Available records:
● ● ● ● ● ● ●
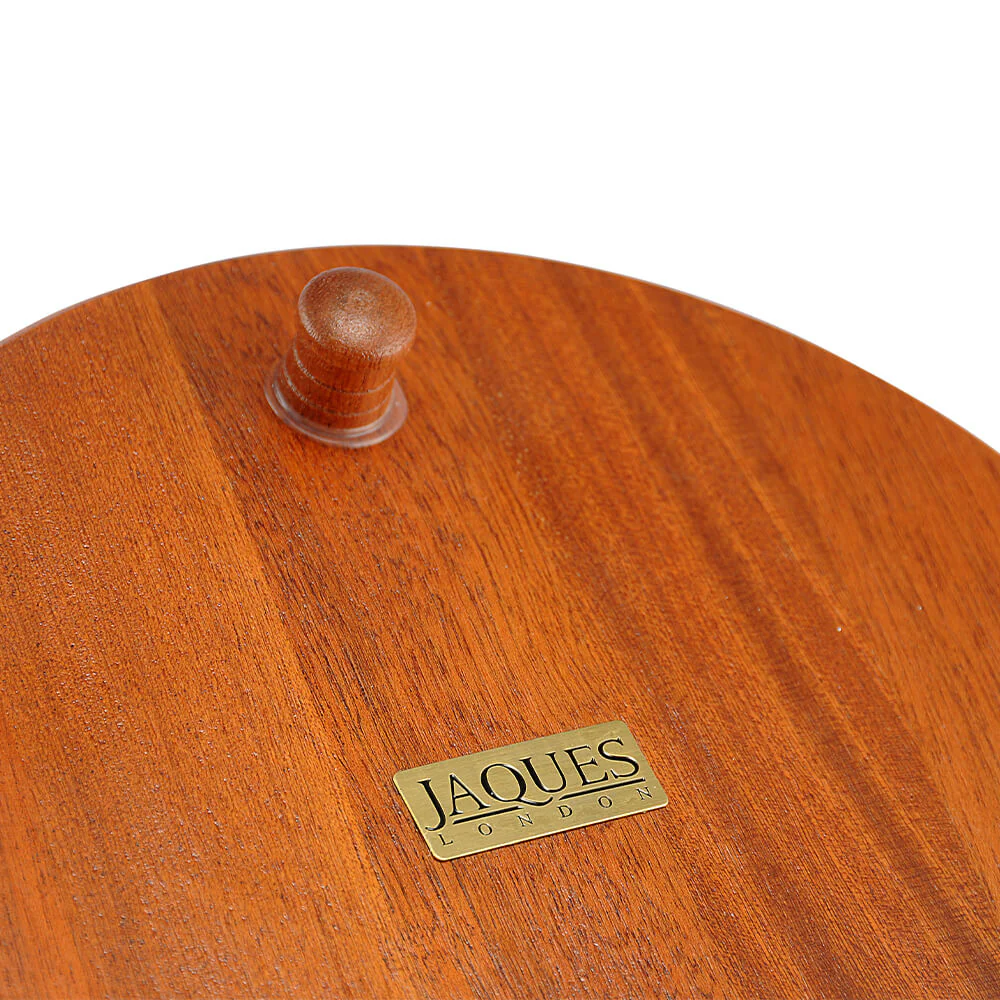 Solitaire - 15" Grand Mahogany Wooden Solitaire - Image 4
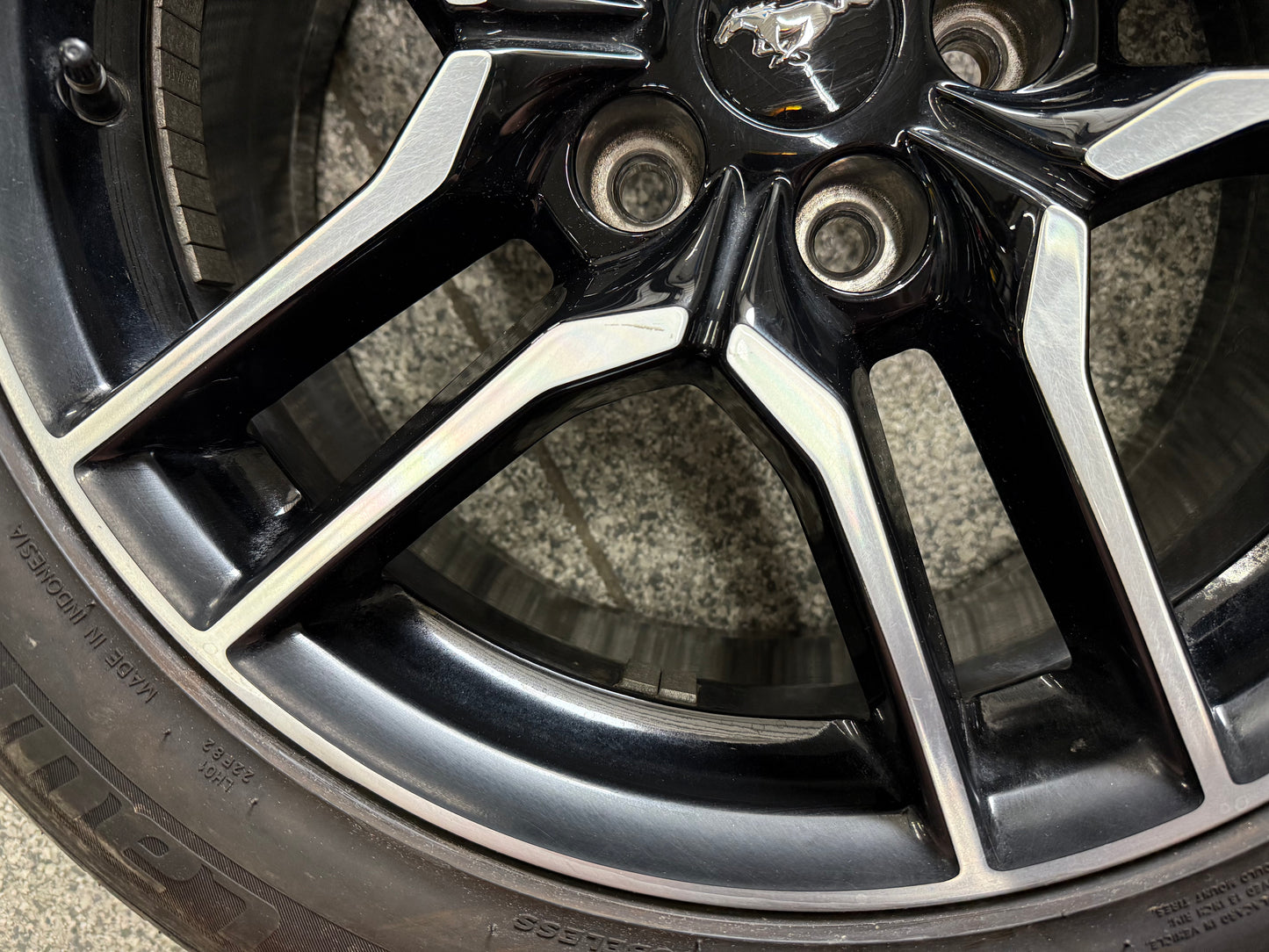 2018-2023 Ford Mustang GT 5.0 18x8" Wheel Rim Laufenn 235/50/18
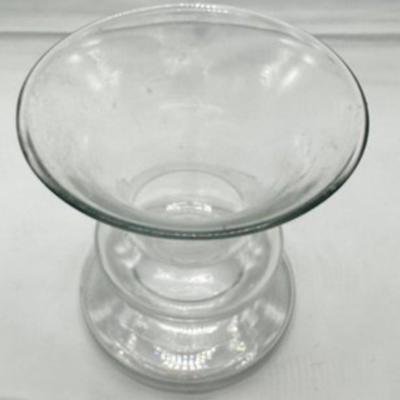 Glass Vase-local pickup and shipping available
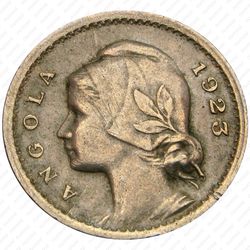 10 сентаво 1923 [Ангола] - Аверс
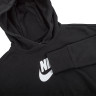 Кофта Nike G NSW CLUB FT CROP HOODIE HBR DC7210-010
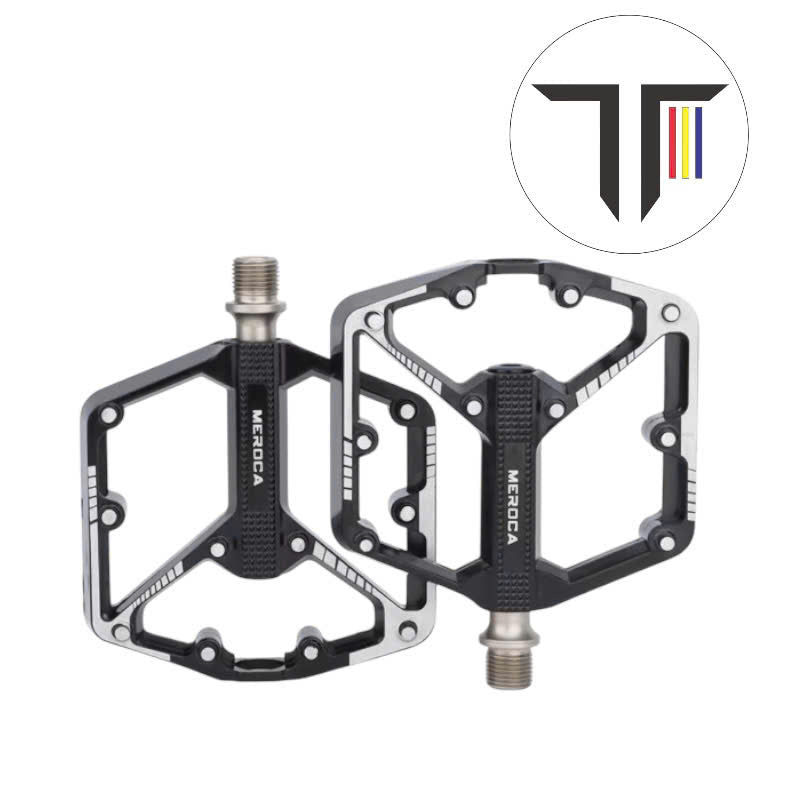 Bicycle Pedals - MEROCA Black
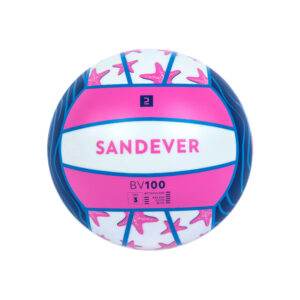 Beachvolleyball 100 Fun violett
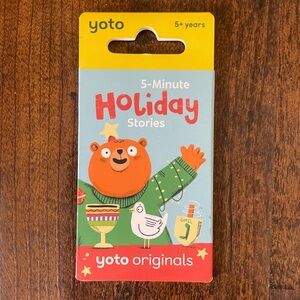 Brand new Yoto card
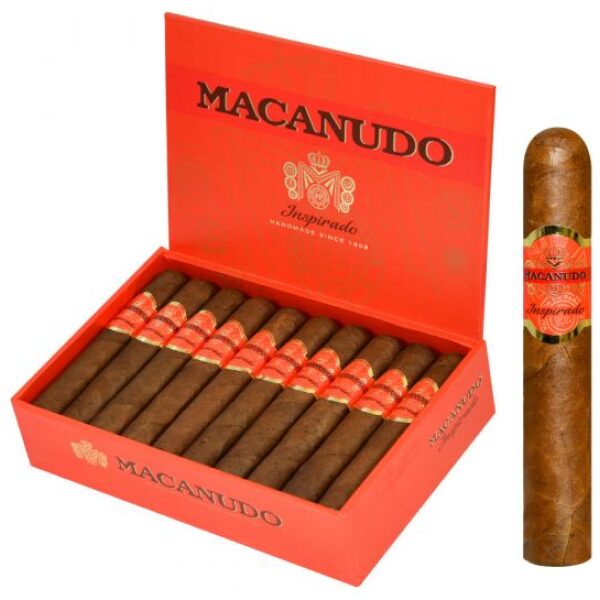 MACANUDO INSPIRADO ORANGE ROBUSTO 20CT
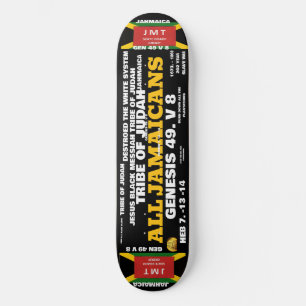 ALL JAMAICANS Skateboard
● ● ● ● ● ● ●
Work to complete:
Each record has to be set down verbatim, and the pictures must not appear in the copy.

Written reply:
 Solitaire - 15" Grand Mahogany Wooden Solitaire - Image 4
 2018-2023 Ford Mustang GT 5.0 18x8" Wheel Rim Laufenn 235/50/18
 Glass Vase-local pickup and shipping available
 10 сентаво 1923 [Ангола] - Аверс
 Кофта Nike G NSW CLUB FT CROP HOODIE HBR DC7210-010
 Bicycle Pedals - MEROCA Black
 Beachvolleyball 100 Fun violett
 Brand new Yoto card
 MACANUDO INSPIRADO ORANGE ROBUSTO 20CT
 ALL JAMAICANS Skateboard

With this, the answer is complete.